[Dataset items]
◇ ◇ ◇ ◇ ◇

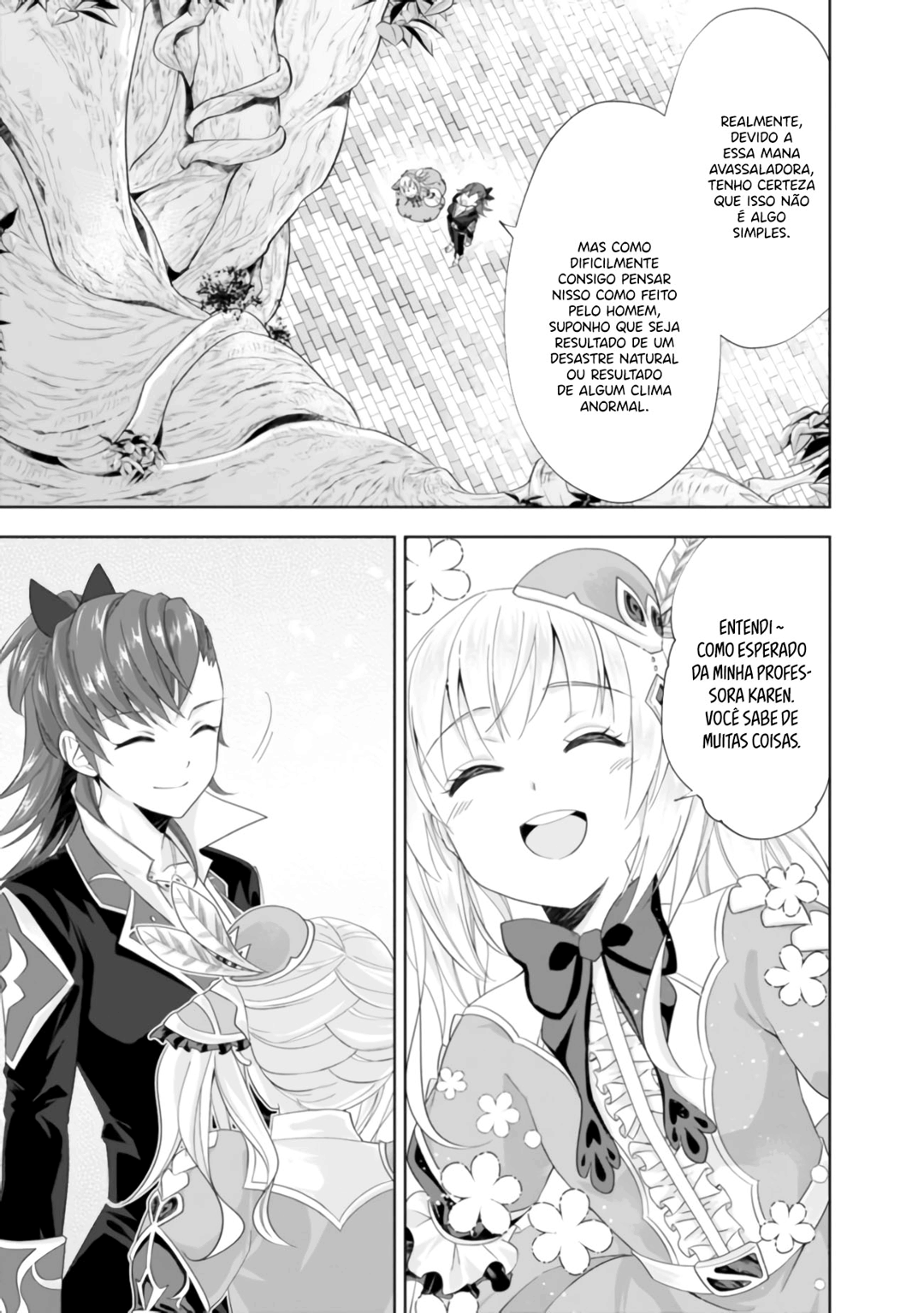 Read My House Is a Magic Power Spot Just by Living There I Become the Strongest in the World PT Manga Online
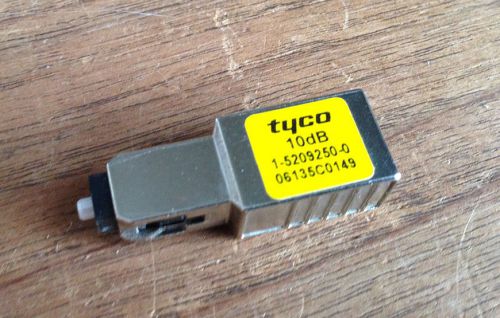 Tyco 10db fiber optic optical attenuator 1-5209250-0  06135c0149 for sale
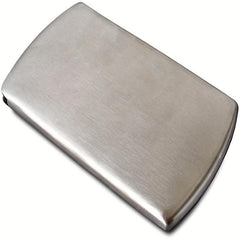 Stainless Steel Card Holder Slim Money Clip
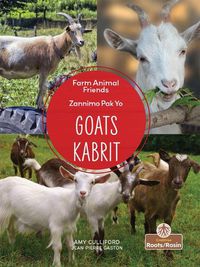 Cover image for Kabrit (Goats) Bilingual Eng/Cre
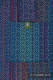 Bolso hecho de tejido de fular (100% algodón) - BIG LOVE SAPPHIRE - talla estándar 37 cm x 37 cm #babywearing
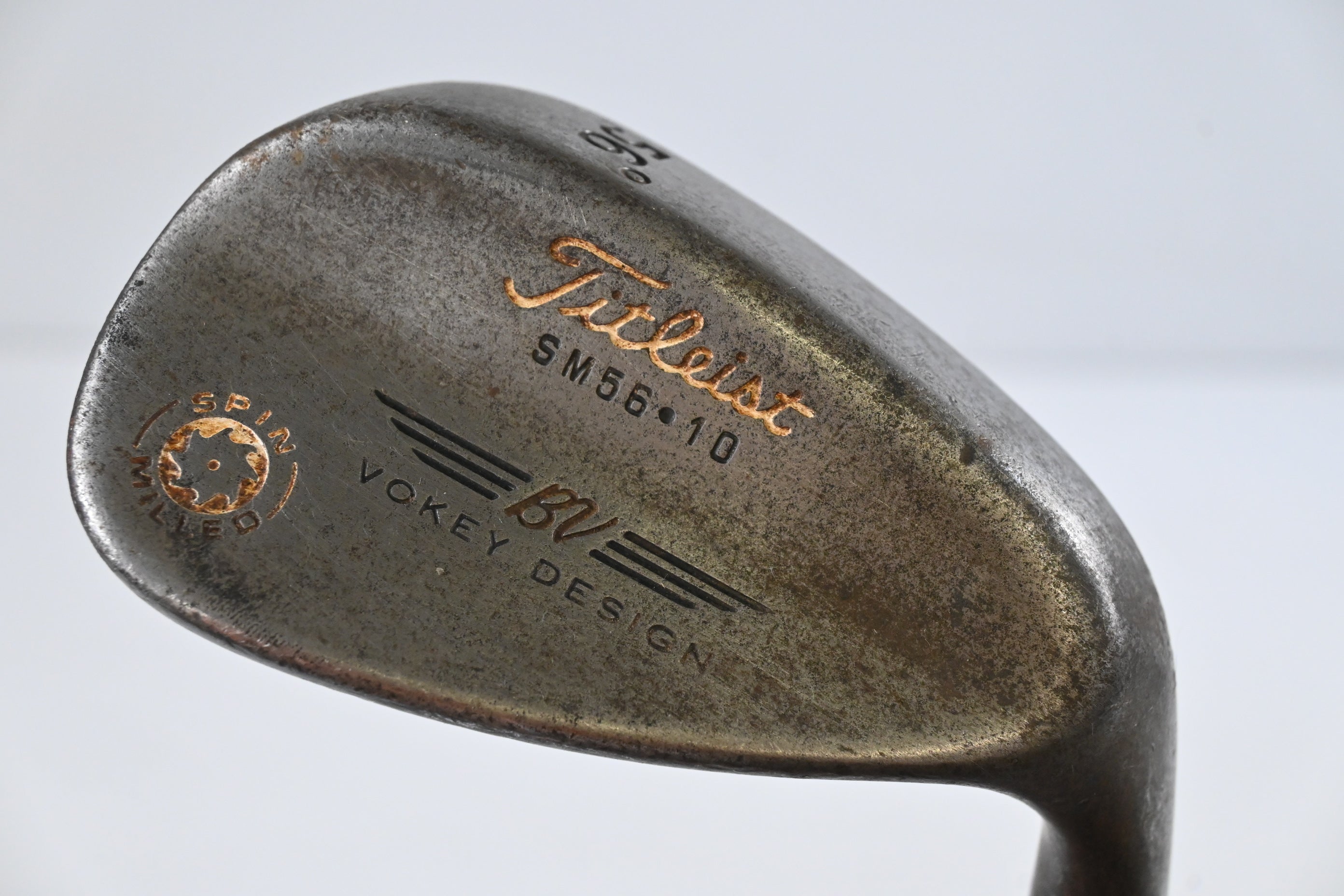 Titleist Vokey Spin Milled 2007 Sand Wedge / 56 Degree / Wedge Flex Steel Shaft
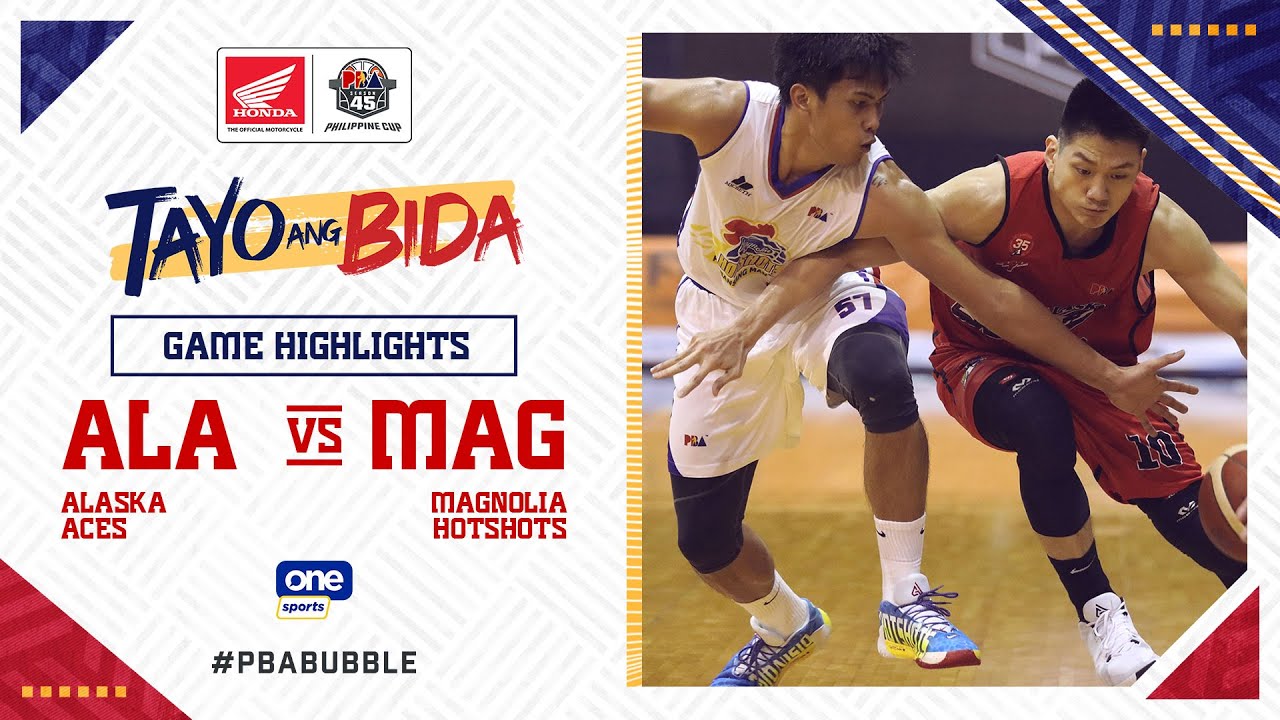 Highlights: Alaska vs Magnolia | PBA Philippine Cup 2020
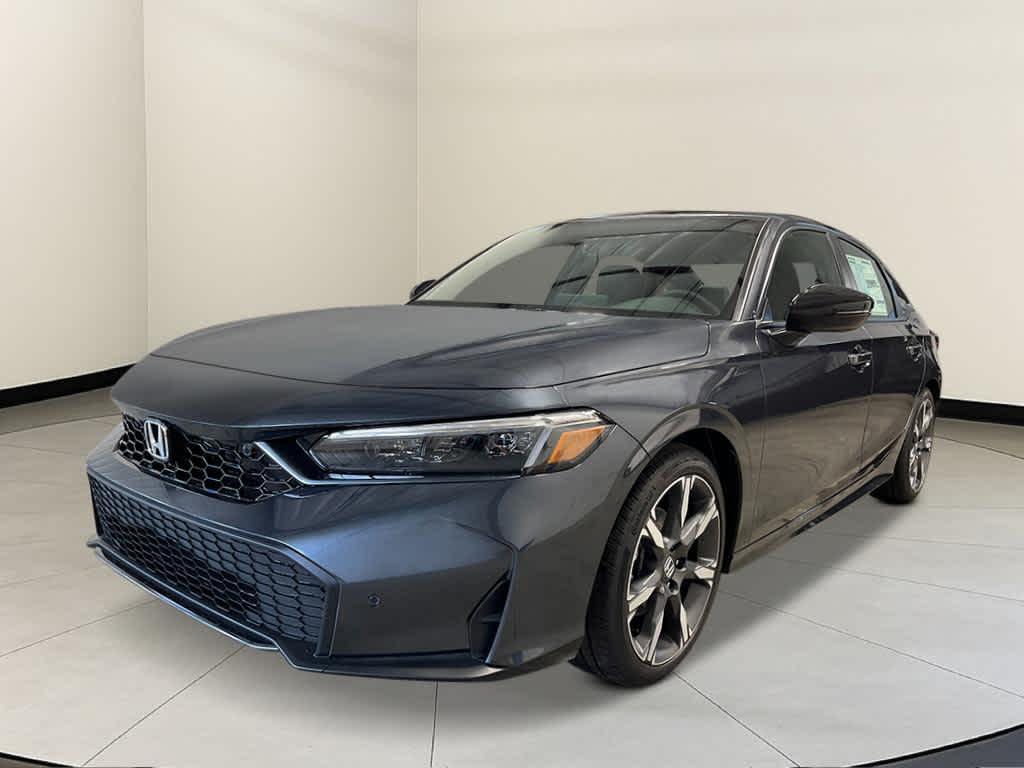 new 2026 Honda Civic Hybrid car, priced at $33,490
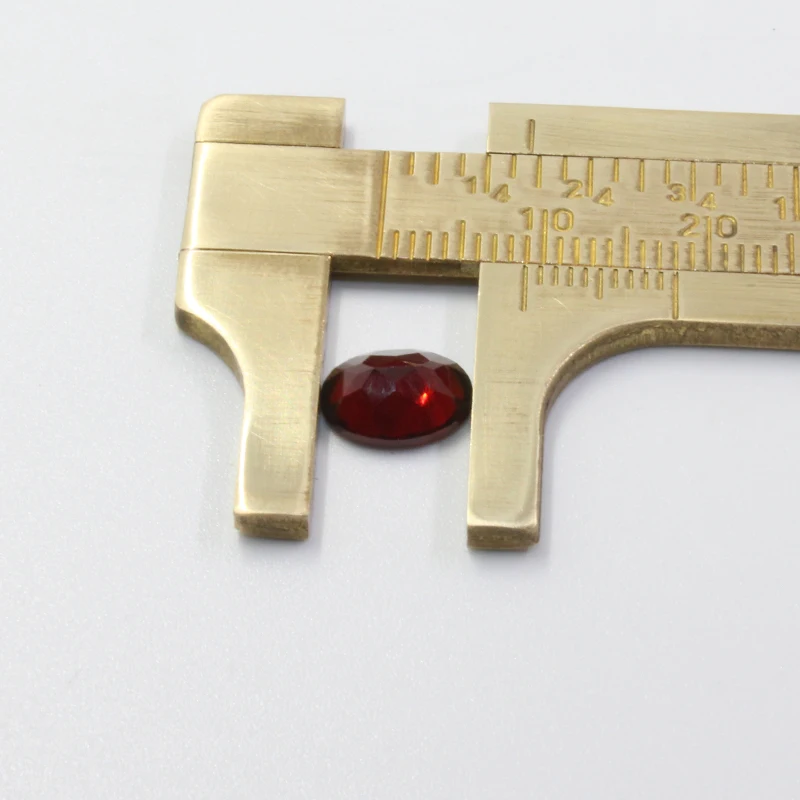 7mm * 9mm 2ct Real Natural Garnet Gemstone for Silver Jewelry Oval Cut Loose Stone Wholesale Price Beads | Украшения и аксессуары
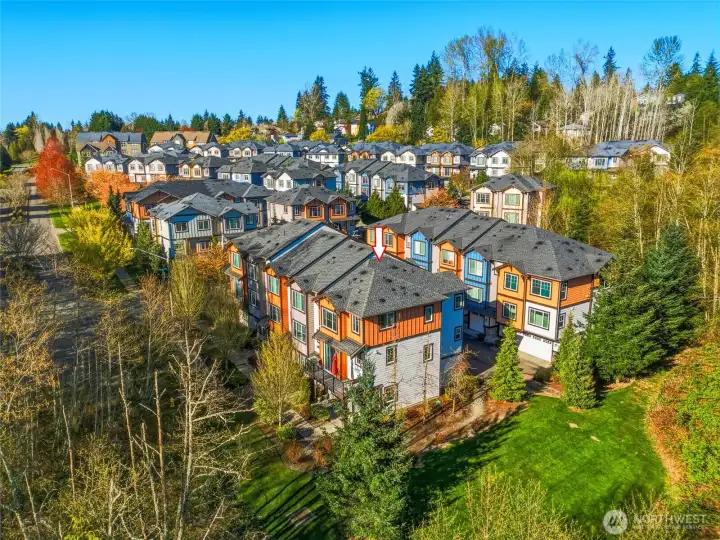 In the heart of Redmond! In the heart of Redmond!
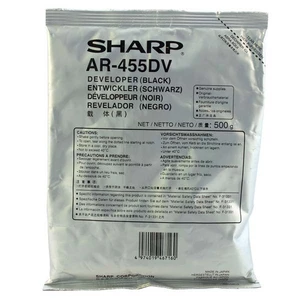 Sharp AR-455DV černý (black) originální developer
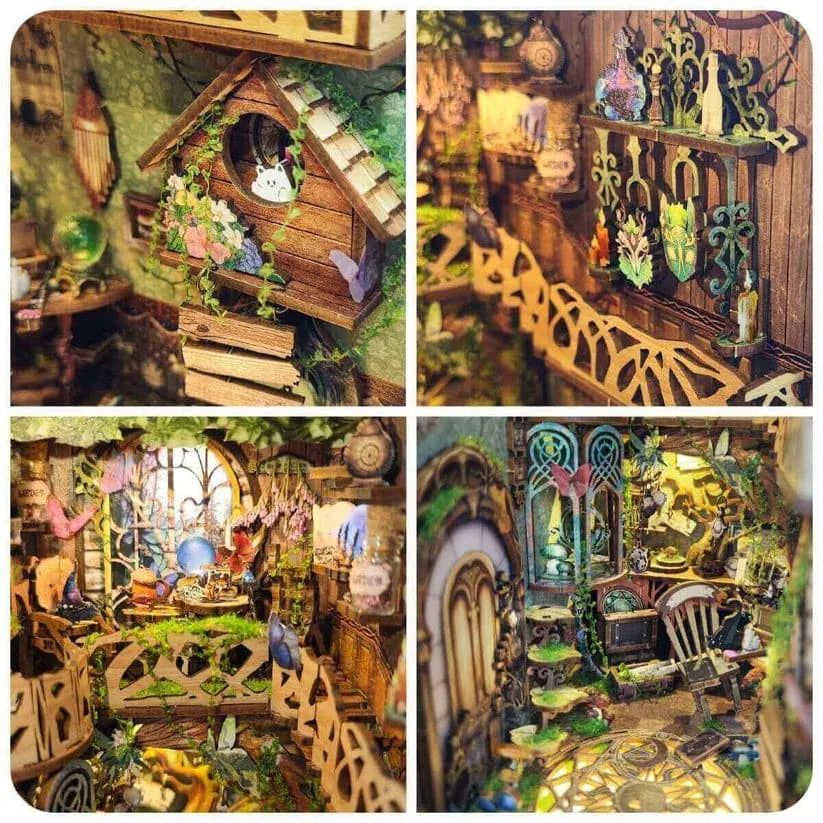 Green Fairyland – DIY Book Nook Kit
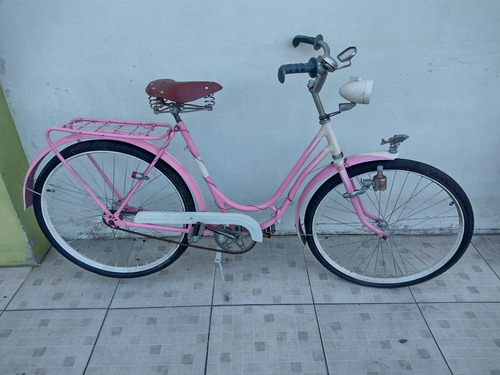 Bicicleta Monark Sueca Feminina Aro 26 Dos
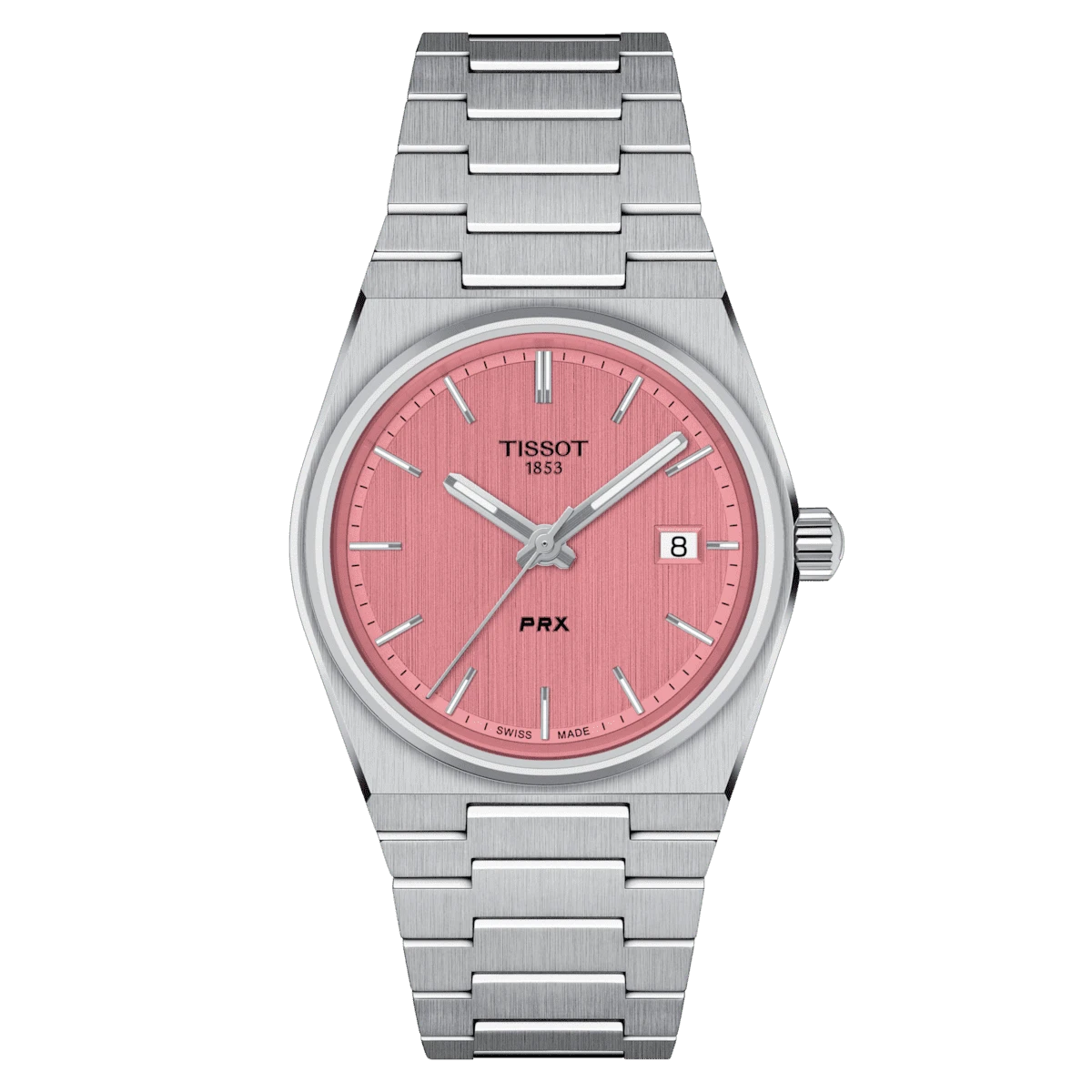 Tissot PRX Rosa 35MM Damenuhr T137.210.11.331.00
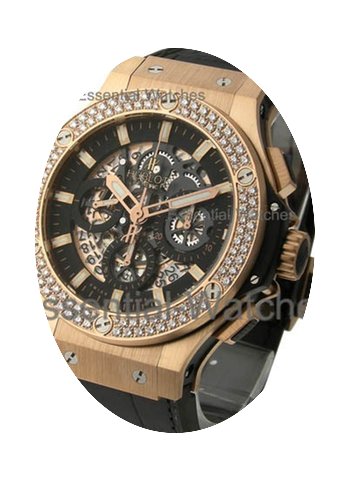 Hublot Aero Bang Skeleton Chronograph wi...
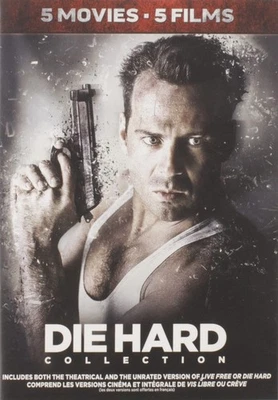 Die Hard Movie Collection (Bilingual) (DVD) (US IMPORT) - Image 1 of 4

◇ ◇ ◇ ◇ ◇

--- What you will do ---
Once the pictures are set aside, output all of the data above verbatim.

--- Answer to this task ---
 Read My House Is a Magic Power Spot Just by Living There I Become the Strongest in the World PT Manga Online
 Tyco 10db fiber optic optical attenuator 1-5209250-0  06135c0149 for sale
 Stainless Steel Card Holder Slim Money Clip
 Cover image for Kabrit (Goats) Bilingual Eng/Cre
 Bolso hecho de tejido de fular (100% algodón) - BIG LOVE SAPPHIRE - talla estándar 37 cm x 37 cm #babywearing
 Titleist Vokey Spin Milled 2007 Sand Wedge / 56 Degree / Wedge Flex Steel Shaft
 Highlights: Alaska vs Magnolia | PBA Philippine Cup 2020
 new 2026 Honda Civic Hybrid car, priced at $33,490
 7mm * 9mm 2ct Real Natural Garnet Gemstone for Silver Jewelry Oval Cut Loose Stone Wholesale Price Beads | Украшения и аксессуары
 In the heart of Redmond! In the heart of Redmond!
 Sharp AR-455DV černý (black) originální developer
 Green Fairyland – DIY Book Nook Kit
 Bicicleta Monark Sueca Feminina Aro 26 Dos
 Tissot PRX Rosa 35MM Damenuhr T137.210.11.331.00
 Hublot Aero Bang Skeleton Chronograph wi...
 Die Hard Movie Collection (Bilingual) (DVD) (US IMPORT) - Image 1 of 4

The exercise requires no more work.